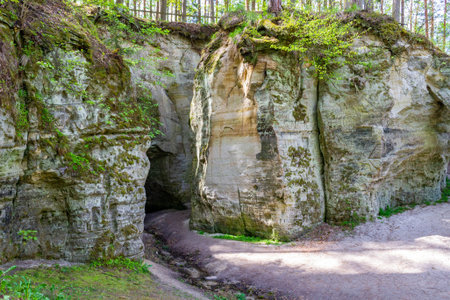 River stream from cave. Fragment of sandstone cliff Big Elita. In forest in sunny day. Beautiful...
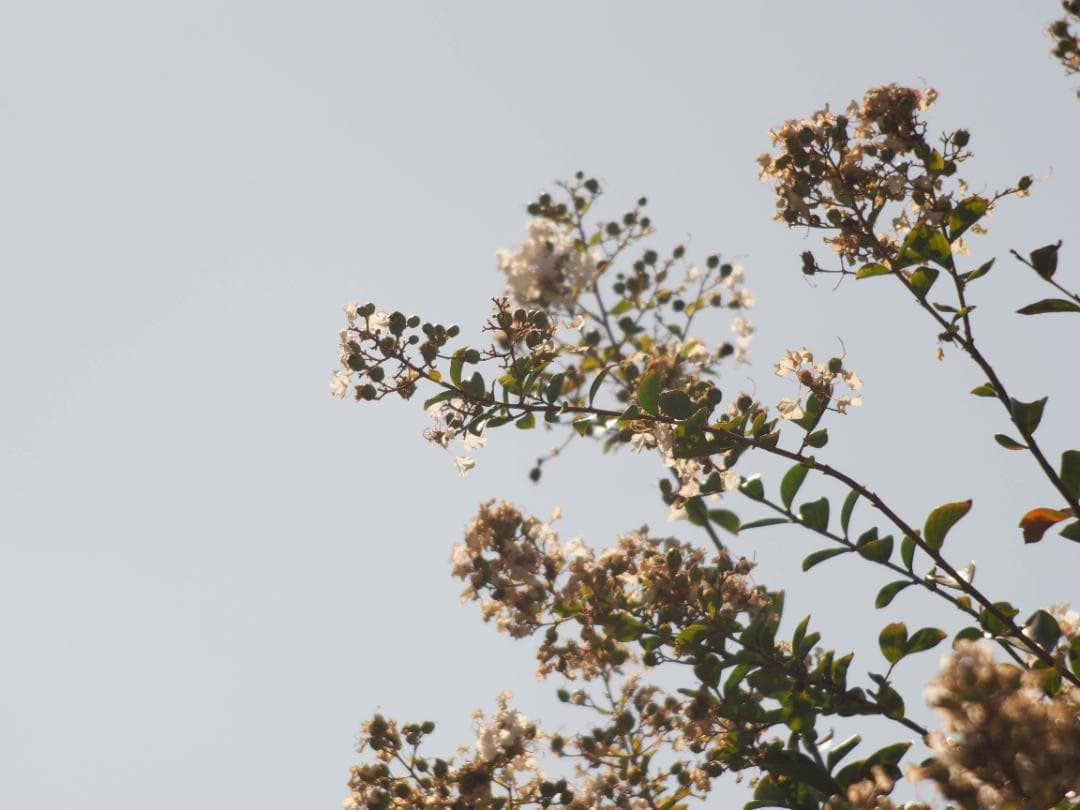 OLYMPUS OM-D E-M10 ダブルレンズキット スマホ転送OK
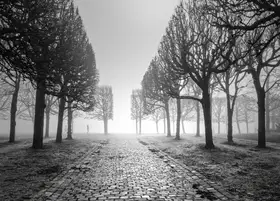 Dupont, Isabelle: Trees in winter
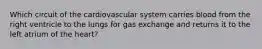 Which circuit of the cardiovascular system carries blood from the right ventricle to the lungs for gas exchange and returns it to the left atrium of the heart?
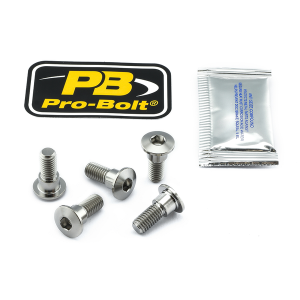 Brake Rotor Mounting Bolt Kit Silver, Unfinished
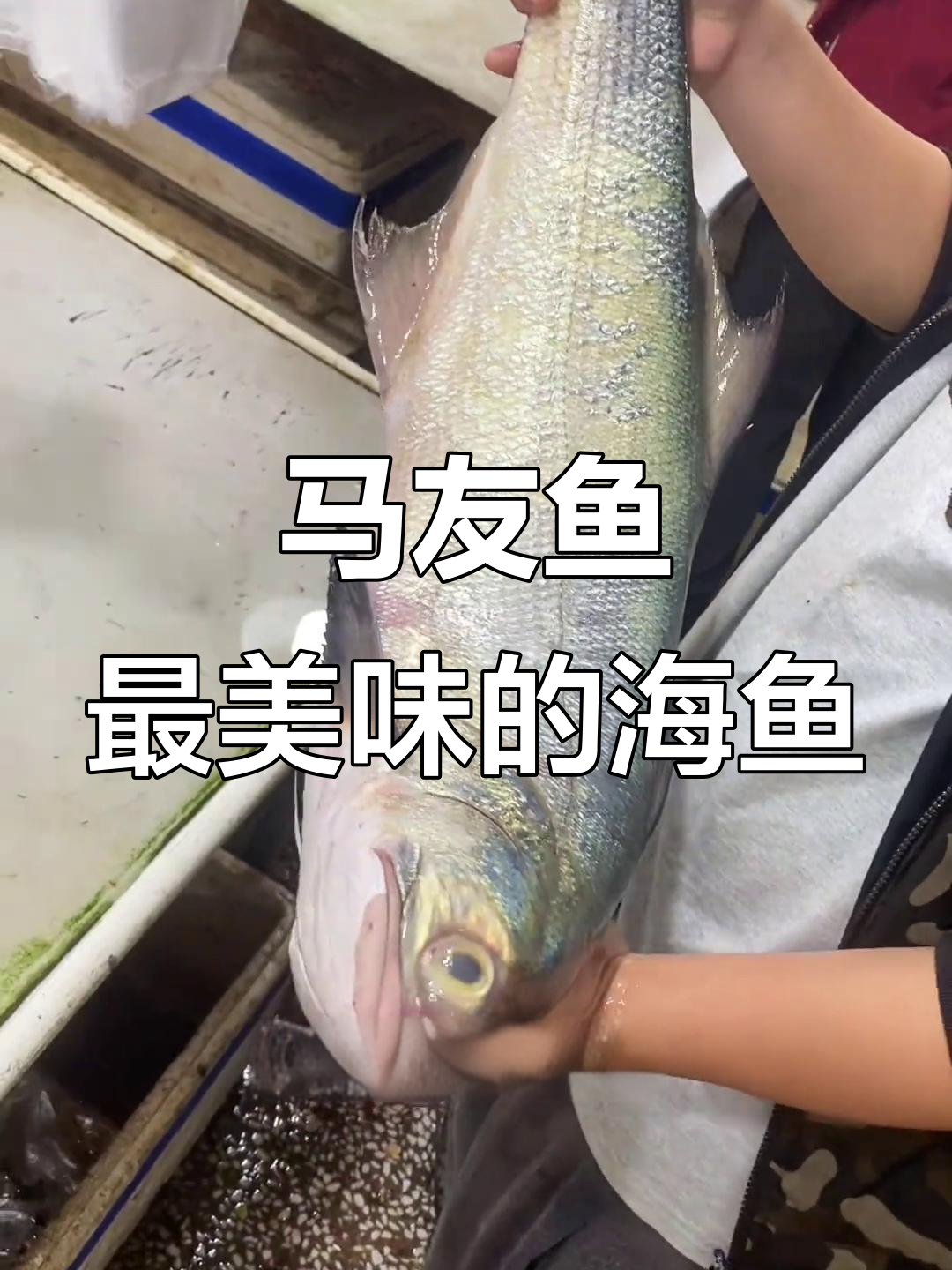 岭南第一鱼,马友鱼的鲜美与营养秘密
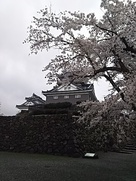 桜と大野城
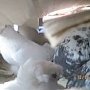 В Крым пробовали незаконно ввезти голубей с подозрением на грипп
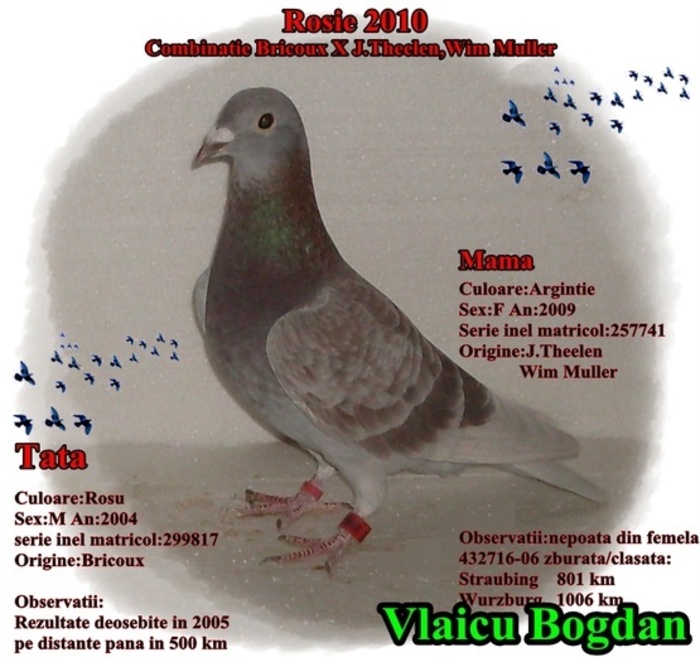 Rosie 2010 - 2-Femele voiajori-female pigeons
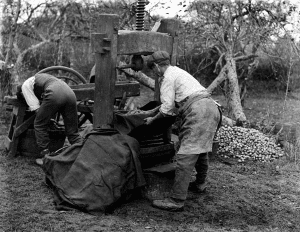 Cider making at Lickfold 1924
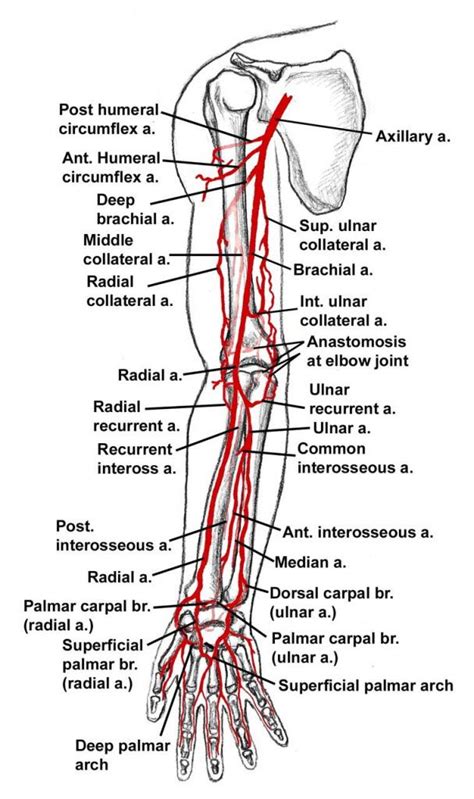 Arteries Diagram Arm Thumb Vein Shoulder Human Anatomy Png Clipart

•••••

* **YOUR OBJECTIVE**: Skip the pictures and print each record exactly as it stands.

* **THE ANSWER**:
 River stream from cave. Fragment of sandstone cliff Big Elita. In forest in sunny day. Beautiful...
 OLYMPUS OM-D E-M10 ダブルレンズキット スマホ転送OK
 Dupont, Isabelle: Trees in winter
 Which circuit of the cardiovascular system carries blood from the right ventricle to the lungs for gas exchange and returns it to the left atrium of the heart?
 Brake Rotor Mounting Bolt Kit Silver, Unfinished
 岭南第一鱼,马友鱼的鲜美与营养秘密
 桜と大野城
 В Крым пробовали незаконно ввезти голубей с подозрением на грипп
 Rosie 2010 - 2-Femele voiajori-female pigeons
 Cider making at Lickfold 1924
 Arteries Diagram Arm Thumb Vein Shoulder Human Anatomy Png Clipart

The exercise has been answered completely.